### ACTIVITY
An exact copy is needed of the lines in the entries below from the line with "May include: Two" up to and including the line with "warm russet brown gl", and of nothing else. Leave the pictures out.
### INPUT FOR THIS TASK
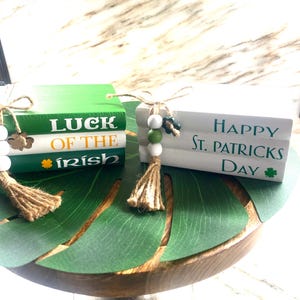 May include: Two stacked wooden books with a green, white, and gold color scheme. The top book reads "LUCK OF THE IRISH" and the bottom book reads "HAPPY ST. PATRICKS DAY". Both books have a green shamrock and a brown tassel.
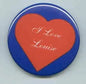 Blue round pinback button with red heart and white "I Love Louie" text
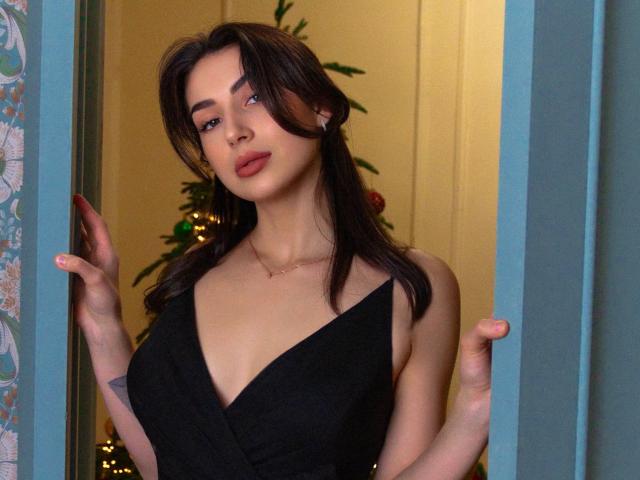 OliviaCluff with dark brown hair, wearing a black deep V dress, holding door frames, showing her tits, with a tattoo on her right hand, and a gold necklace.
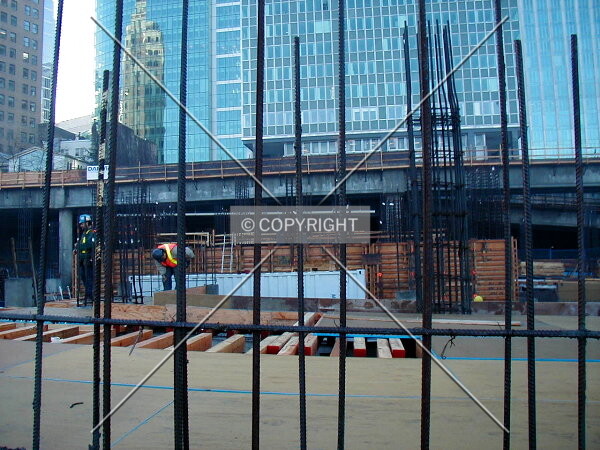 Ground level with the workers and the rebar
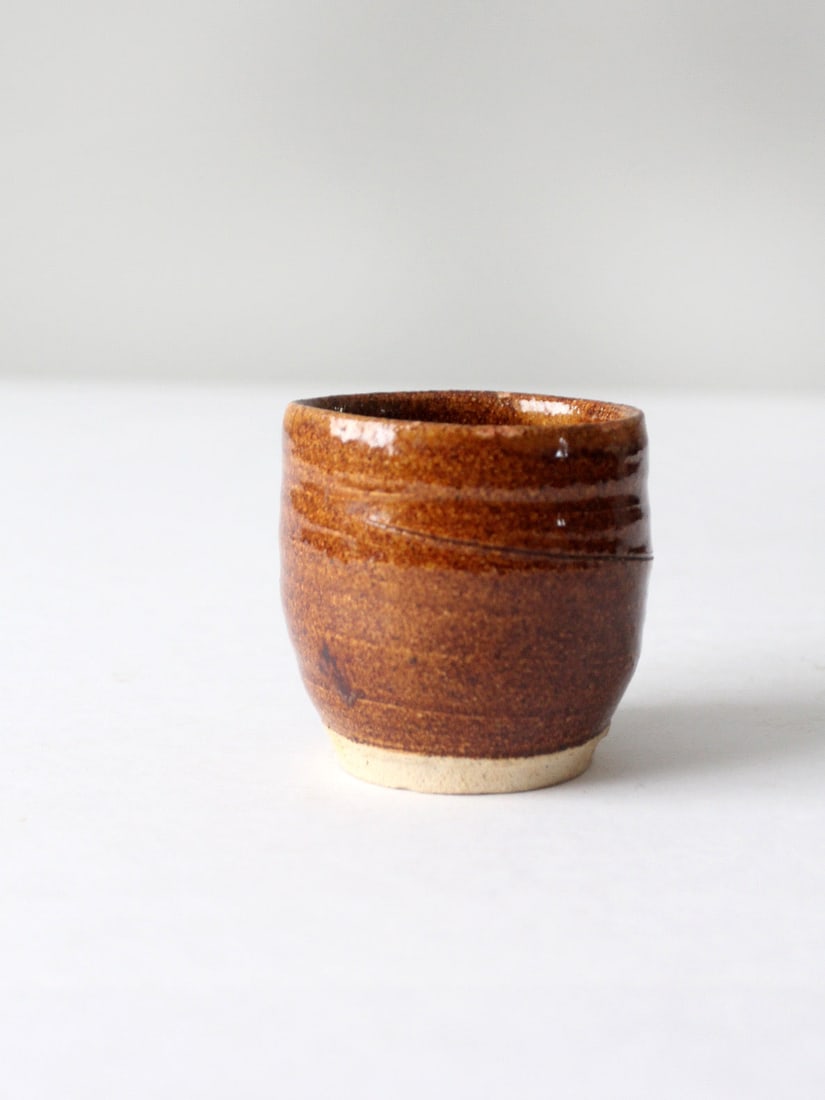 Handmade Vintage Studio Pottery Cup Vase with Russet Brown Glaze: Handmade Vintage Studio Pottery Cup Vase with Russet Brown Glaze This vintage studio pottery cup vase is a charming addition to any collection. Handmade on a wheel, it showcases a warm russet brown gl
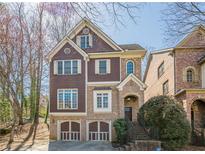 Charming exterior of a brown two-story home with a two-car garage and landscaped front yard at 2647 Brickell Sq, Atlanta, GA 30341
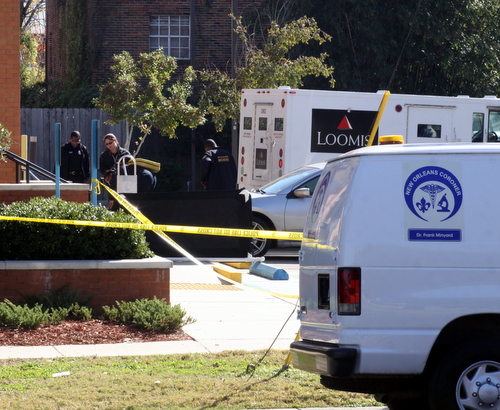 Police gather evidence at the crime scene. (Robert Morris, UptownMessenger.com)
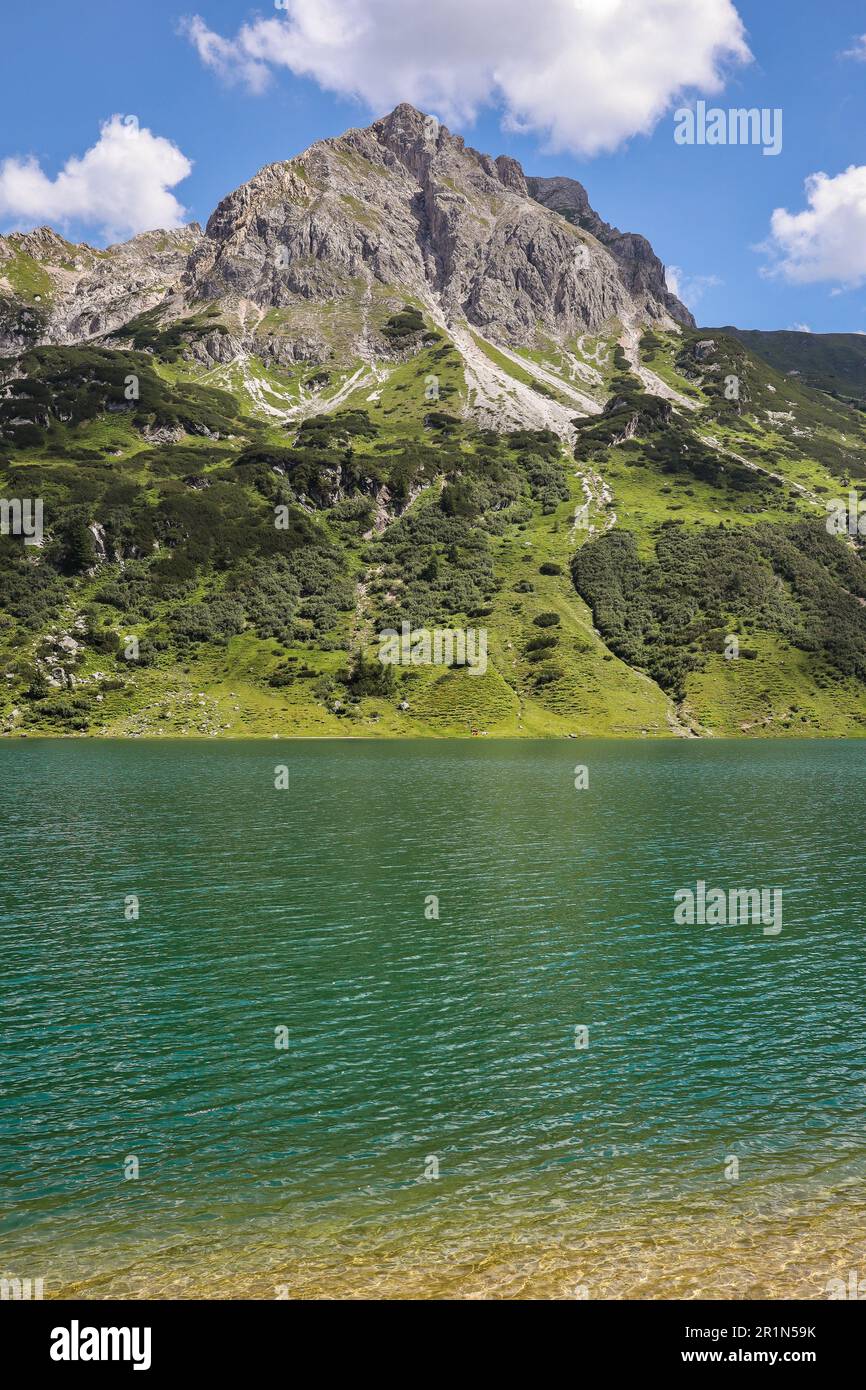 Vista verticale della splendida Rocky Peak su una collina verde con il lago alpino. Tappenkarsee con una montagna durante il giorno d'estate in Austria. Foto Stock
######
### INPUT FOR THIS TASK
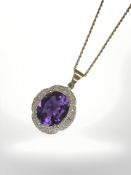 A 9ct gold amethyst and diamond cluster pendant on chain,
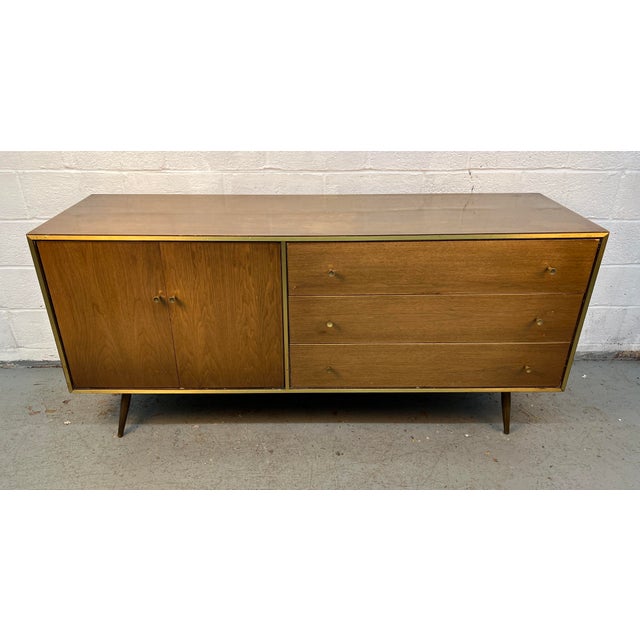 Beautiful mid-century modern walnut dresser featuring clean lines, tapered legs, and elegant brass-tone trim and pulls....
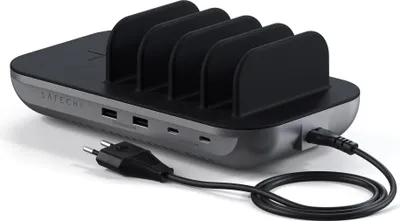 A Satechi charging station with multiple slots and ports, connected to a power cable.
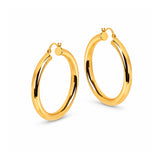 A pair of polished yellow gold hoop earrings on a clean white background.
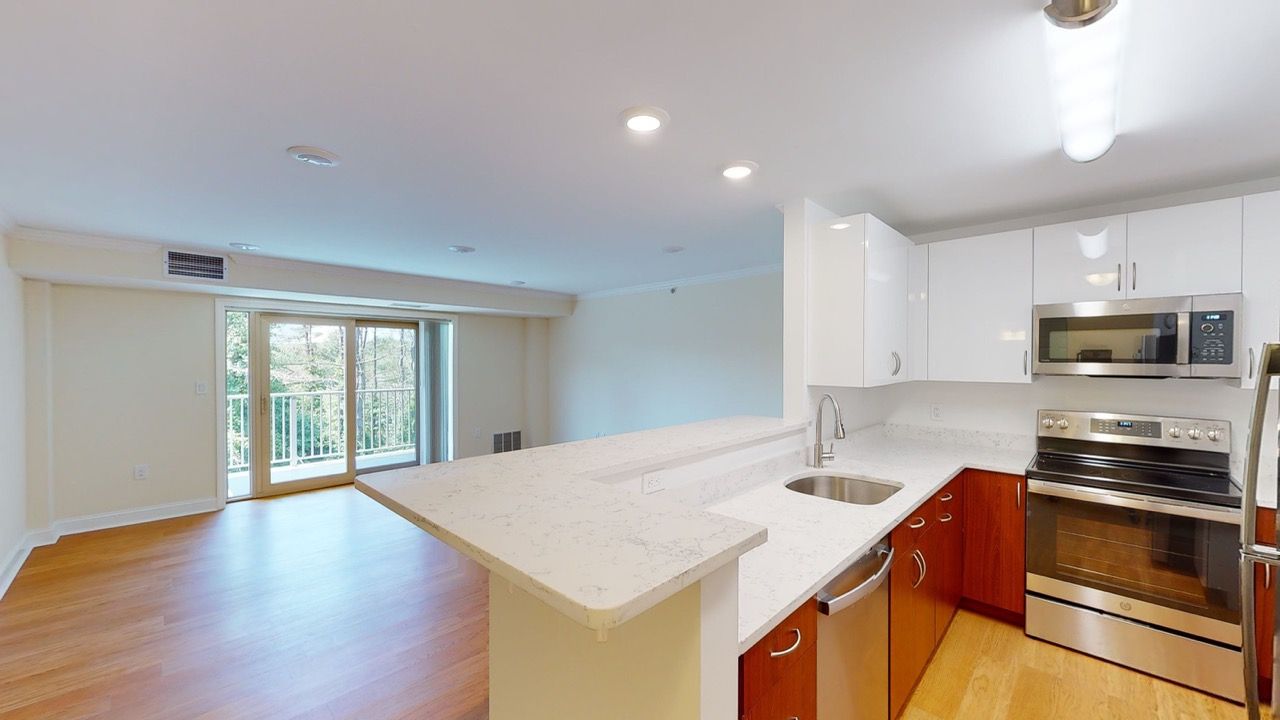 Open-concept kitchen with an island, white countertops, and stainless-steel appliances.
######
### ANSWER FOR THE TASK
 May include: Two stacked wooden books with a green, white, and gold color scheme. The top book reads "LUCK OF THE IRISH" and the bottom book reads "HAPPY ST. PATRICKS DAY". Both books have a green shamrock and a brown tassel.
 Blue round pinback button with red heart and white "I Love Louie" text
 OliviaCluff with dark brown hair, wearing a black deep V dress, holding door frames, showing her tits, with a tattoo on her right hand, and a gold necklace.
 Ground level with the workers and the rebar
 Handmade Vintage Studio Pottery Cup Vase with Russet Brown Glaze: Handmade Vintage Studio Pottery Cup Vase with Russet Brown Glaze This vintage studio pottery cup vase is a charming addition to any collection. Handmade on a wheel, it showcases a warm russet brown gl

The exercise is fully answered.